---------- Data to examine ----------

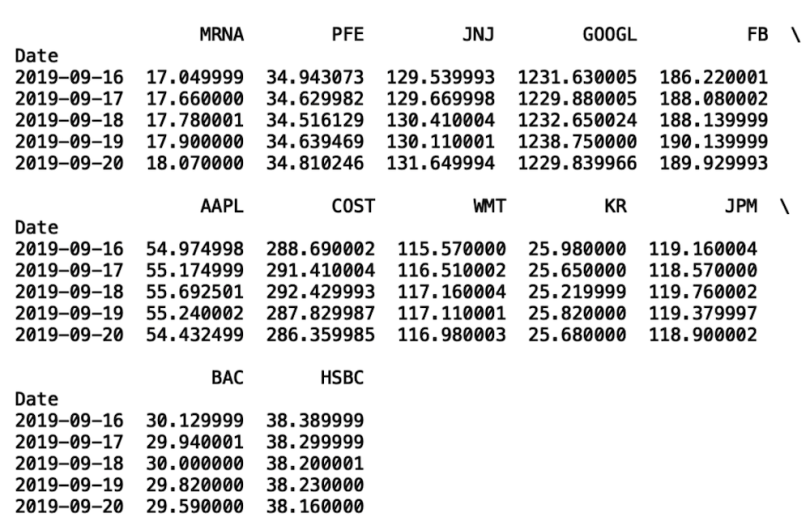 portfolio-optimization-python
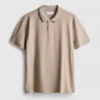 Kurzärmeliges Poloshirt Kurzärmeliges Poloshirt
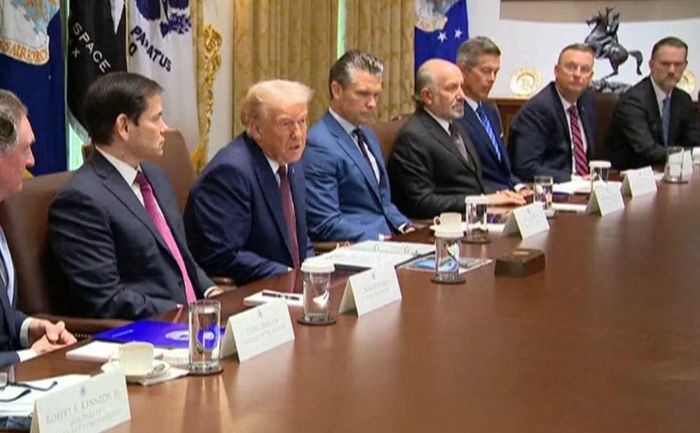 Theo lập luận của tư lệnh CENTCOM, khi năng lực tấn công của Iran bị suy yếu, nhu cầu sử dụng các hệ thống phòng thủ của Mỹ cũng sẽ giảm theo.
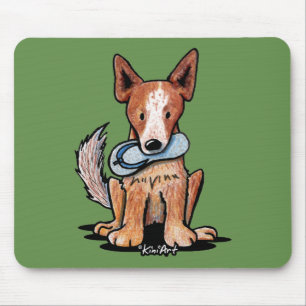 Tapis De Souris Chien de bétail australien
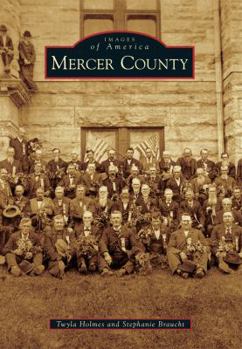 Paperback Mercer County Book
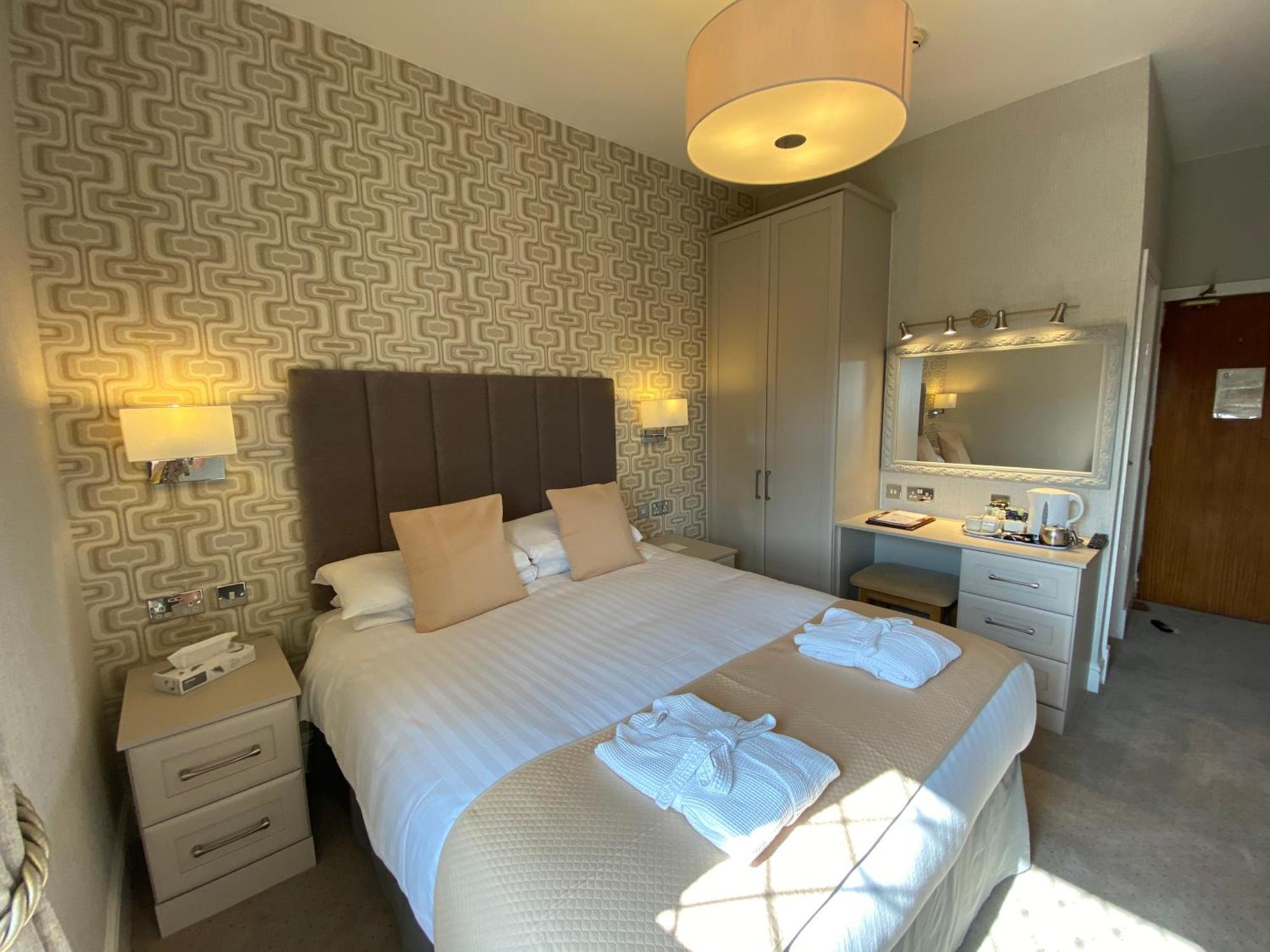 Bedford Hotel Lytham St Annes Zimmer foto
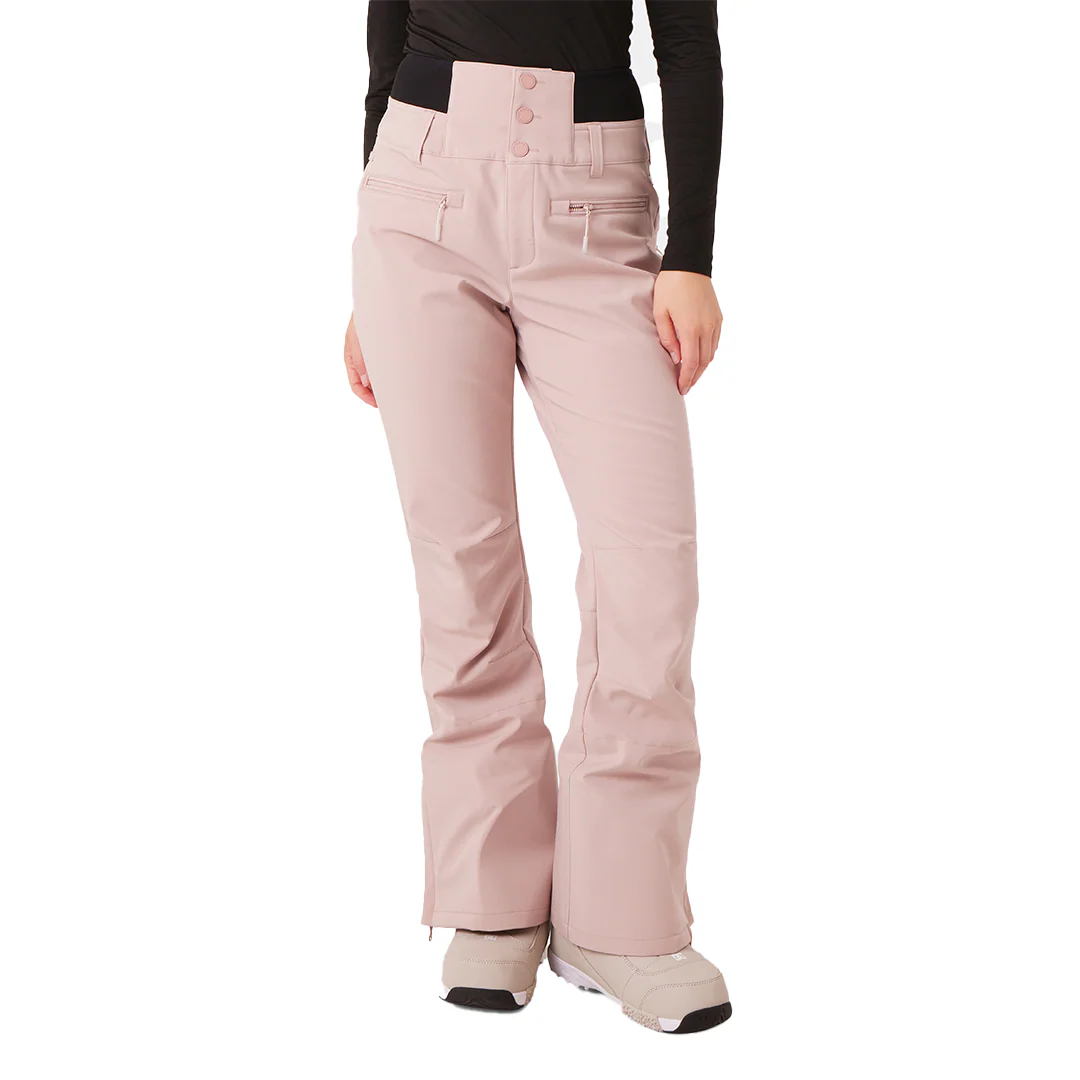 Roxy Women's Rising High Pant 2026 - Image 9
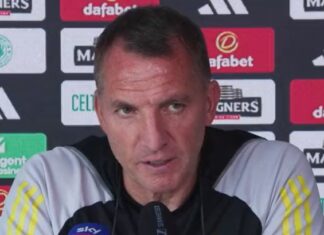 “Lies and toxic atmosphere” – it’s boiling in Glasgow!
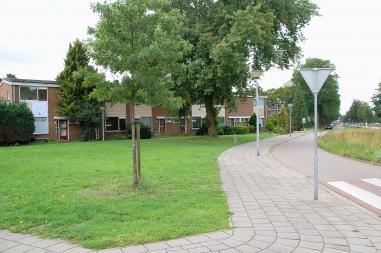 de woningen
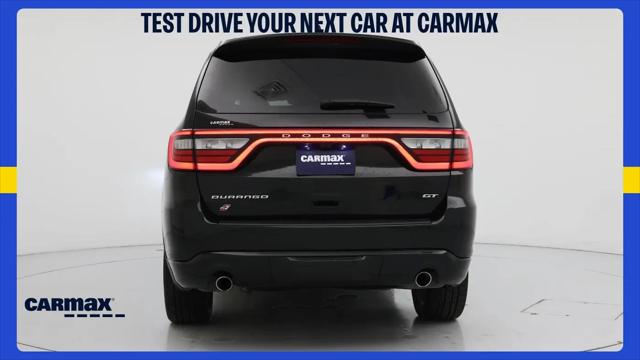 2025 Dodge Durango GT Plus AWD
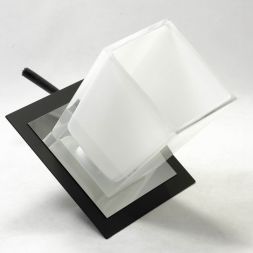 Светильник LUSSOLE LSC-2500-01 LENTE хром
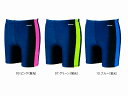 【送料無料】101541 ラインミドルトランクス150・S・M・L・LL3L・4L・5L・6Lメンズ ライン ミドルトランクス サポーター不要の インナー付きフ...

----------

**Task description**:
Print exactly the lines between the line containing "Roxy Women's Rising High Pant 2026 - Image 9" and the last line of the entries above, including both, and nothing besides; skip the pictures.

**Result**:
 Roxy Women's Rising High Pant 2026 - Image 9
 “Lies and toxic atmosphere” – it’s boiling in Glasgow!
 de woningen
 2025 Dodge Durango GT Plus AWD
 Светильник LUSSOLE LSC-2500-01 LENTE хром
 【送料無料】101541 ラインミドルトランクス150・S・M・L・LL3L・4L・5L・6Lメンズ ライン ミドルトランクス サポーター不要の インナー付きフ...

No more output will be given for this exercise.